# EXERCISE DATA
[Start of section]
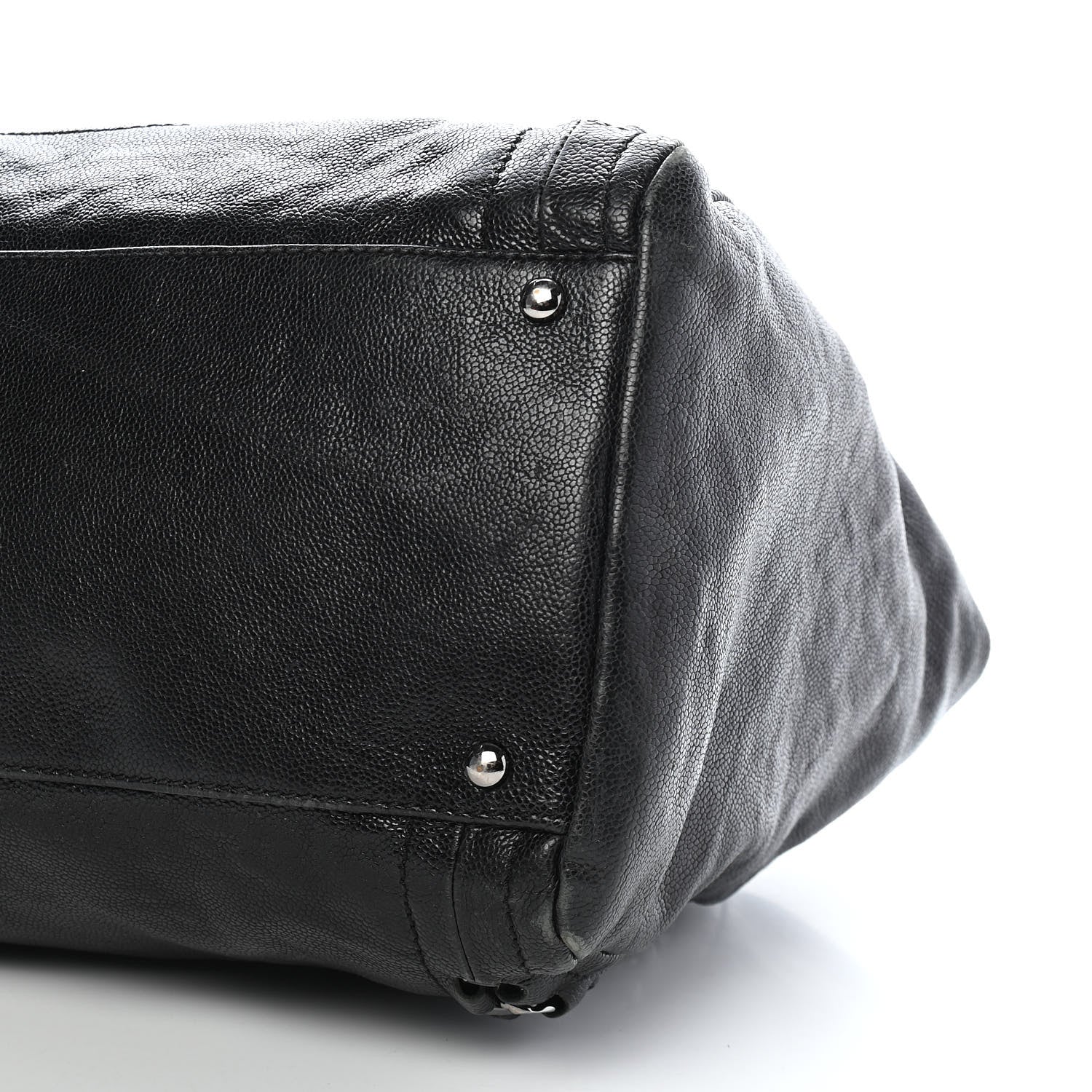 Chanel Glazed Caviar East West Modern Chain Tote Black 24 of 25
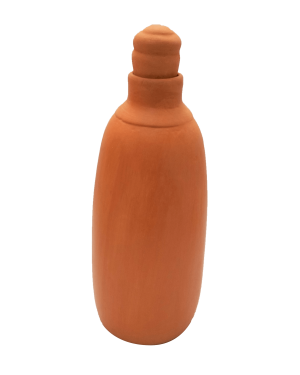 Round Water Bottle Plain Small - 2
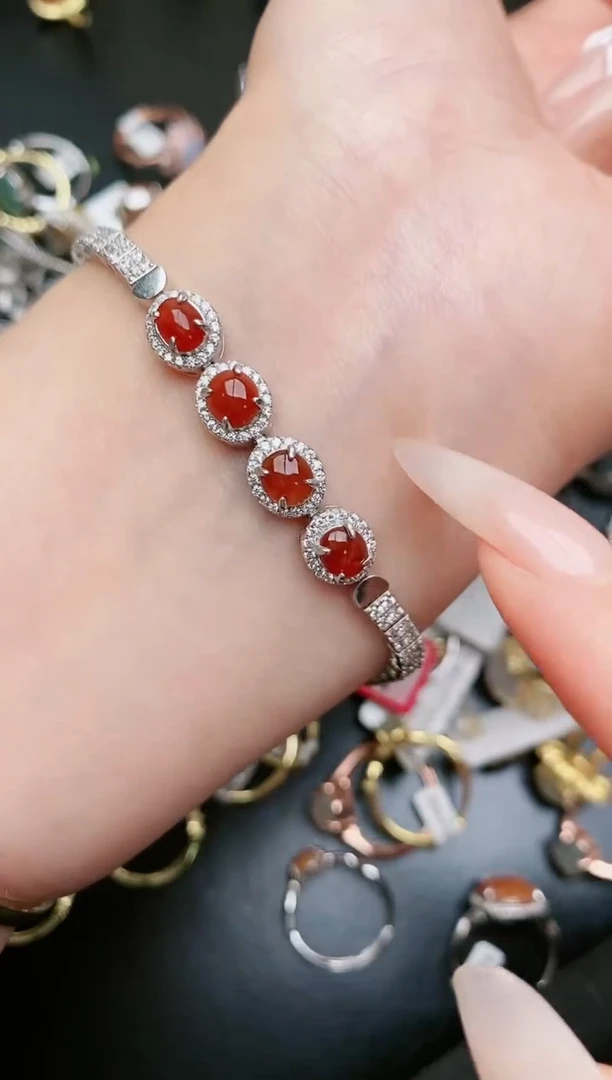 翡翠戒指银S925镶嵌.....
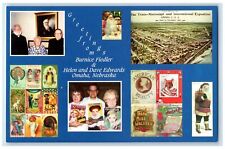 c1960's Greetings From Burnice Fiedler & Helen & Dave Omaha Nebraska NE Postcard picture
[End of section]
# WHAT NEEDS TO BE DONE
Leaving the pictures out, transcribe word for word the lines from the one with "翡翠戒指银S925镶嵌....." to the end of the material above, inclusive, and nothing else.

# FINISHED TASK
 翡翠戒指银S925镶嵌.....
 c1960's Greetings From Burnice Fiedler & Helen & Dave Omaha Nebraska NE Postcard picture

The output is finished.